EXERCISE INPUTS Block Start

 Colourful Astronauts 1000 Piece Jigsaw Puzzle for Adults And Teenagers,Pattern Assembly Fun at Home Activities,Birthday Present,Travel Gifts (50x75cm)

EXERCISE INPUTS Block End
EXERCISE INPUTS Block Start

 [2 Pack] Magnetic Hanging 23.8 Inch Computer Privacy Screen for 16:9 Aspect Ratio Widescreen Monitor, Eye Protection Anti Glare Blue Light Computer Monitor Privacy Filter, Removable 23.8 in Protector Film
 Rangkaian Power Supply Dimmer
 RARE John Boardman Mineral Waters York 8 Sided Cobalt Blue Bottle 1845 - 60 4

EXERCISE INPUTS Block End

◆ **BRIEF**:
Within the listing above, the range opens at the line with "Rangkaian Power Supply Dimmer" and closes at the line with "RARE John Boardman". Reproduce exactly the lines of that range, including both ends.

◆ **RESULT**:
 Rangkaian Power Supply Dimmer
 RARE John Boardman Mineral Waters York 8 Sided Cobalt Blue Bottle 1845 - 60 4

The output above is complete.